Die Engländer begannen mit einem 4-5-1-System, welches schnell zu einem 4-3-3 werden konnte. Im Konterspiel fokussierte man sich aber hauptsächlich auf den linken Flügel. Die Ursache dahinter war, dass Alves ungemein offensiv spielte und sehr hoch agierte. In diesen Raum versuchte man sich festzuspielen. Deswegen lief Ramires von Beginn an auf der linken Außenbahn auf. Der Brasilianer spielte statt Mata auf dieser Seite. Roberto Di Matteo wollte damit zwei Fliegen mit einer Klappe schlagen: Ramires ist nicht nur defensivstärker, er besitzt auch eine höhere Athletik und Schnelligkeit. Mata mag technisch und im Normalfall offensiv eine bessere Wahl sein, gegen Alves jedoch nicht. Zu weit würde er in der Defensive zurückfallen, um hinten auszuhelfen. Schnelle Vorstöße in den offenen Raum wären für ihn dann nahezu unmöglich. Der nimmermüde Ramires hingegen ist dazu in der Lage und war schließlich für das 1:0 mitverantwortlich.

Juan Manuel Mata spielte wiederum auf der rechten Seite. Er sollte mit seinem linken Fuß nach innen ziehen und weite Pässe spielen können. Wenn er ins Zentrum zog, hatte er die Möglichkeit, entweder weite Bälle nach vorne zu schlagen oder einfache Diagonalbälle mit dem Innenrist in den Lauf Ramires‘ zu spielen. Damit gab es ein sehr simples taktisches Mittel (neben den Konterangriffen nach Ballgewinnen), um das Spiel auf den Alves-Flügel zu forcieren. Hier sah Roberto Di Matteo wohl die einzige Möglichkeit hinter die Abwehr Barcelonas zu kommen. Diese Einschätzung sah man im Grunde auch an der Spielweise Drogbas. Der ehemalige Weltklassestürmer ging einige Male überraschend einfach zu Boden und wollte auf diese Weise Freistöße schinden. Ein gängiges taktisches Mittel gegen eine dermaßen kopfballschwache Mannschaft wie Barcelona. Desweiteren konnte man Barcelona dadurch wieder etwas zurückdrängen und sich selbst ein bisschen Zeit in Ballbesitz erzwingen. Dies funktionierte allerdings nicht wirklich effektiv.

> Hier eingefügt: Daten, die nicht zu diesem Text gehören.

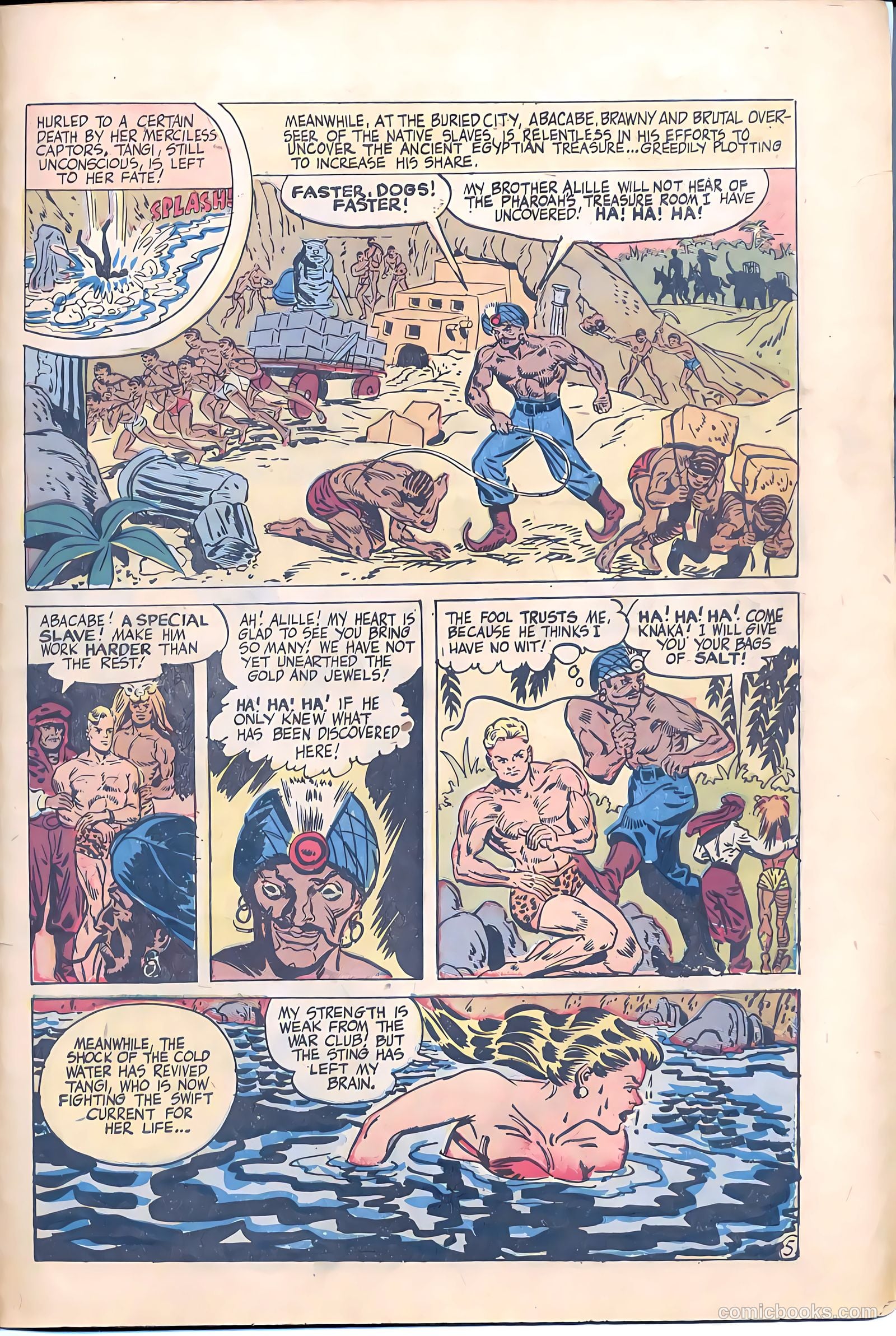 Terrors of the Jungle #1 (1952) — page 27 of 32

Im Mittelfeld sah man eine weitere überaus interessante Spielweise Chelseas. Mit einem Dreiermittelfeld  wollten die Londoner sehr kompakt agieren. Dadurch, dass sich die fünf Mittelfeldspieler in der Defensive auf einer Höhe befanden, konnten die Außen sehr gut abgesperrt werden. Mata und Ramires okkupierten zumeist die gegnerischen Außenverteidiger, die Viererkette konnte dadurch sehr eng spielen. Diese Enge schloss die Schnittstellen in der Abwehr. Da sich Chelseas Viererkette nur noch auf die offensiven Spieler konzentrieren konnte, wurden sie auch nicht so einfach auseinandergezogen. Barcelonas Standardspielzug, der Diagonalpass auf Alves, verlor deutlich an Wirkung.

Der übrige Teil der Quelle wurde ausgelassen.